3.   COMMITMENTS AND CONTINGENCIES

     From time to time, the Company is subject to lawsuits and claims which
arise out of its operations in the normal course of its business. The Company
and certain of its subsidiaries are defendants in various litigation matters in
the ordinary course of business, some of which involve claims for damages that
are substantial in amount. The Company believes the disposition of claims
currently pending will not have a material adverse effect on the Company's
financial position or results of operations.

4.   STOCKHOLDERS' EQUITY

     Under the conditions set forth in the 1996 Stock Incentive Plan, 1,403,700
options vested on January 1, 2000. Additionally, another 629,795 options vested
on June 2, 2000. During the six months ended June 30, 2000, 983,960 stock
options were exercised at an average exercise price of $9.688 per share.
Further, the 1996 Stock Incentive Plan provides that the payment for options may
be in cash or shares of Common Stock valued at the fair market value at the time
the option is exercised (provided that such Common Stock has been held by the
participant for at least six months). In the quarter ended June 30, 2000, one
employee chose to exchange shares in lieu of cash when exercising his options.
This exchange resulted in the Company acquiring 102,337 shares of Common Stock,
which is being held as treasury stock, for $2,661,101.

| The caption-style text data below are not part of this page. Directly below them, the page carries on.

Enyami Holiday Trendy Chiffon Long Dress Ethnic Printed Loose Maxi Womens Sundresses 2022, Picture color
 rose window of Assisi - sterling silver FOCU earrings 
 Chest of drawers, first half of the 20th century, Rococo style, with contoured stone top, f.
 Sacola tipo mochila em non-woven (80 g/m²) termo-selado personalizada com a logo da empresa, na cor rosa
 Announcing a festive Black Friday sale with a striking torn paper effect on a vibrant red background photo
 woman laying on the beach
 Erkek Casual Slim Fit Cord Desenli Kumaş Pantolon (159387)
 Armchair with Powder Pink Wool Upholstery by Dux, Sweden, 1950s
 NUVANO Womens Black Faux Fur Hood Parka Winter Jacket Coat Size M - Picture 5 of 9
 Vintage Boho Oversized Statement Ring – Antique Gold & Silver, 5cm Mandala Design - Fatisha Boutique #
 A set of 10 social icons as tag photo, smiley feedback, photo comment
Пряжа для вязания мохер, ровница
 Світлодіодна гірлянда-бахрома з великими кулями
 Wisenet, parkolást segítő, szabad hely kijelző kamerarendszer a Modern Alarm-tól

                                       7
<PAGE>
PAGE>

Item 2.  Management's Discussion and Analysis of Financial Condition and Results
of Operations

     The following discussion and analysis of the Company's financial condition
and results of operations should be read in conjunction with the Consolidated
Financial Statements and the Notes thereto.  Certain statements under this
caption constitute forward-looking statements, which involve risks and
uncertainties.  The Company's actual results in the future could differ
significantly from the results discussed or implied in such forward-looking
statements.  Factors that could cause or contribute to such differences include,
but are not limited to, the effect on financial performance of increased
competition in the teleservices industry, potential future competition,
competitive pricing for services, potential future competing technologies and
trends, dependence on technology and phone service, dependence on the Company's
labor force, reliance on major clients, the success of new product innovations,
legal proceedings and government regulation.

Results of Operations

Comparison of the Three Months and Six Months Ended June 30, 2000 and 1999

     Revenue:   For the second quarter of 2000, revenue increased
$33.4 million, or 24.2%, to $171.5 million up from $138.1 million for the three
months ended June 30, 1999. For the six months ended June 30, 2000, revenue
increased $65.5 million, or 23.7%, to $341.6 million up from $276.1 million for
the six months ended June 30, 1999. For the second quarter of 2000, revenue from
Operator Teleservices increased approximately $23.6 million to $83.1 million.
Revenue from Interactive Teleservices decreased approximately $1.5 million to
$30.0 million. Revenue from Direct Teleservices increased approximately $11.3
million to $58.4 million. The increases in Operator Teleservices and Direct
Teleservices were primarily the result of servicing the growing needs of the
Company's new and existing clients.

     Cost of services: Cost of services represents direct labor, telephone
expense and other costs directly related to teleservices activities.  Costs of
services increased $17.7 million, or 24.9%, in the second quarter of 2000 to
$89.2 million, up from $71.5 million for the comparable period of 1999.  Cost of
services increased $32.2 million, or 22.5%, to $175.4 million for the six months
ended June 30, 2000, up from $143.2 million for the comparable period of 1999.
As a percentage of revenue, cost of services increased to 52.0% for the second
quarter of 2000 but improved to 51.4% for the six months ended June 30, 2000,
compared to 51.7% and 51.9%, respectively, for the comparable periods in 1999.
The decrease in cost of services as a percentage of revenue for the six months
ended June 30, 2000 can be attributed primarily to lower telecommunication costs
due to lower service rates negotiated with our telecommunications vendor. The
slight increase in cost of services in the second quarter was due to increased
wages paid for direct labor.

     Selling, general and administrative ("SG&A") expenses: SG&A expenses
increased by $8.9 million, or 18.1%, to $58.0 million for the second quarter of
2000 up from $49.1 million for the comparable period of 1999. For the six months
ended June 30, 2000, SG&A expenses increased by $21.4 million, or 22.9%, to
$115.0 million, up from $93.6 million for the comparable period of 1999. As a
percentage of revenue, SG&A expenses declined to 33.8% for the second quarter of
2000 and 33.7% for the six months ended June 30, 2000 compared to 35.6% and
33.9%, respectively, for the comparable periods of 1999. The improvement in SG&A
is due to better use of capacity this year over the same period in 1999. Revenue
per workstation improved in the second quarter 2000 in our Direct Teleservices
division to $13,348 from $10,349 during the second quarter of 1999.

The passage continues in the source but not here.